My husband and his family have a deep-rooted love of pizza; deep dish, pan, thin crust, Chicago-style, wood-fire – you name it, they love it! I’m pretty sure they would happily eat pizza every night if they could. My father-in-law has spent many years perfecting his homemade pizza routine. He makes his own crust, sauce and uses a variety of cheeses. When I joined the family in 2010, I quickly realized that I needed to step up my homemade pizza game. It took a lot of trial and error but I think I’ve finally gotten it. I feel comfortable saying I can homemade pizza with the best of them; basically like a boss. So, here is my crust recipe, a few time-saving ideas and lots of tips so you can make homemade pizza like a boss too.
- Oven (Preheated to 500 degrees F)
- Pizza stone (Put in cold and preheat with oven on middle rack) – The stone will make your crusts crispy – a good investment!
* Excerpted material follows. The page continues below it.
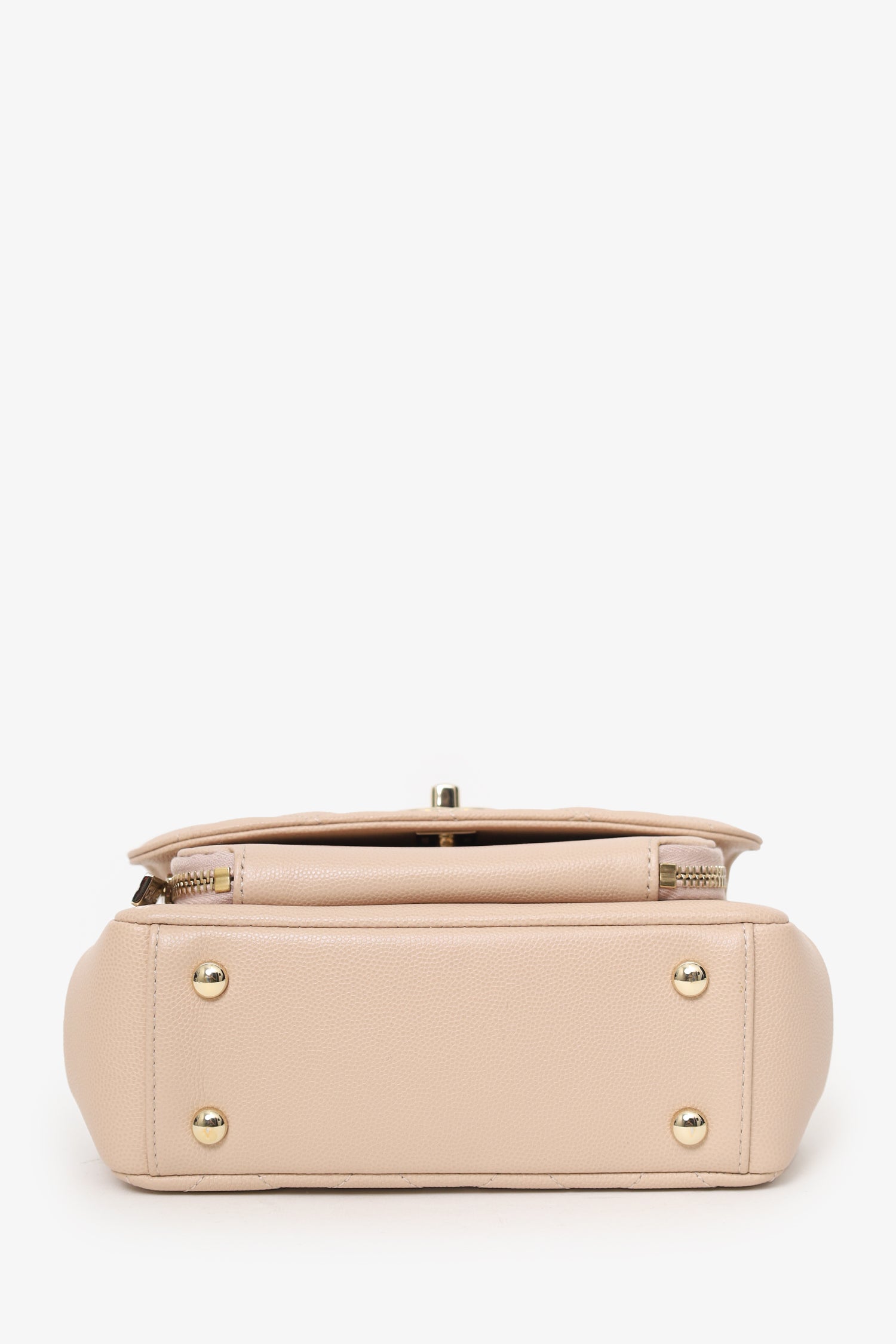 Pre-Loved Chanel™ 2018-19 Beige Caviar Quilted Small Business Affinity Flap Bag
If you don’t have one, you can easily use a baking sheet of any shape instead.
- Large flat spatula
- Wooden pizza peel or cutting board (Textured plastic cutting boards will not work for this. I’ve tried.)
- 3 pkg quick rise yeast (1/4 oz. ea)
- 2 Tbs sugar
- 1 1/2 tsp salt
- 5 to 5 1/2 cups whole wheat or white flour (I sometimes use half whole wheat and half white – whatever you have will work!)
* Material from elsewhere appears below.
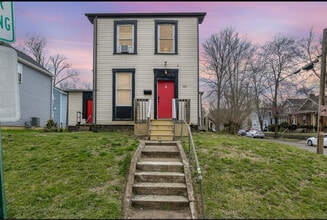 Building Photo - 500 W Wyoming Ave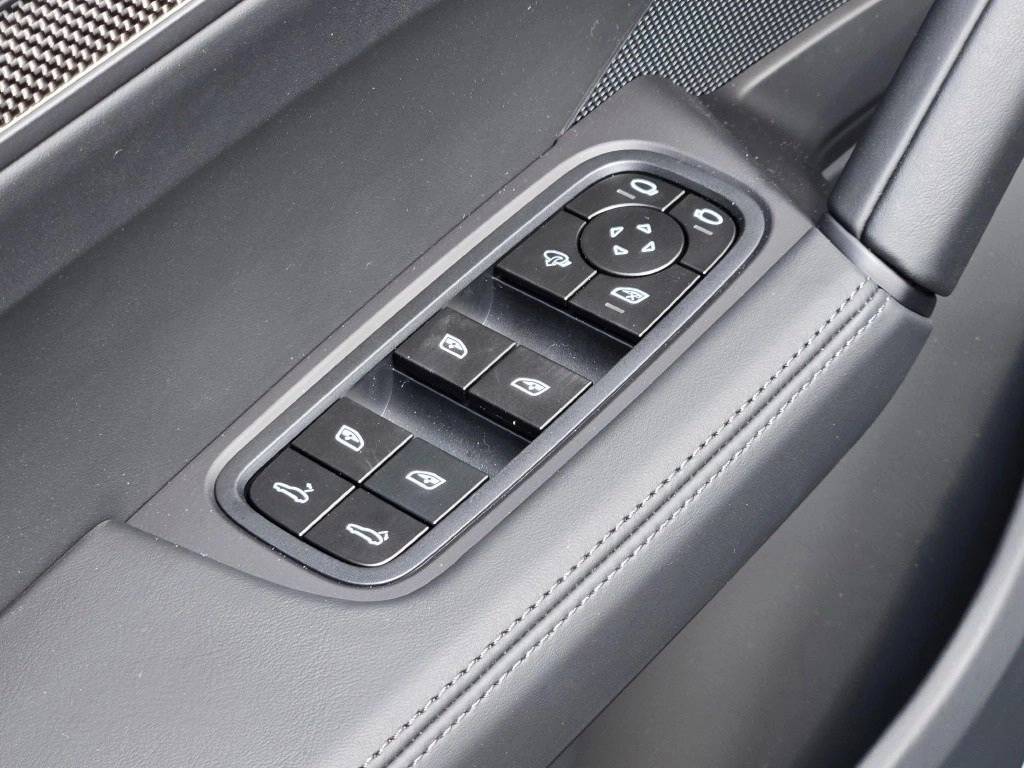 2025 Porsche Cayenne Coupe GTS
- 2 1/2 cups warm water (120 -130 degrees F)
- 3 Tbs olive oil
- In a large bowl, combine warm water, yeast, sugar and olive oil. Let sit in warm place.
- In separate large bowl, mix flour and salt.
- Once a foamy yeast layer has formed on the water mixture, slowly add it to flour bowl until sticky dough is formed. Cover and let sit for 10 minutes. (Although, in a pinch I have skipped this step and it still turns out just fine – albeit a little flatter.)
- Roll dough onto floured counter surface and knead for 6-8 minutes. (Truth – I sometimes skimp on the kneading time too. A mama’s gotta do what a mama’s gotta do to get supper on the table.)
- Divide the dough into three portions and roll into circles with a rolling pin. Make sure to flour your counter beforehand, or it will stick!
Assembly and Cooking:
- Sprinkle your cutting board or pizza peel with cornmeal. — This is very important!! — The cornmeal acts as a medium to help the dough easily slide from the board to the pizza stone. When I was first learning, I used to get so frustrated because the dough would get stuck to the board and end up very mangled. Cornmeal is a lifesaver!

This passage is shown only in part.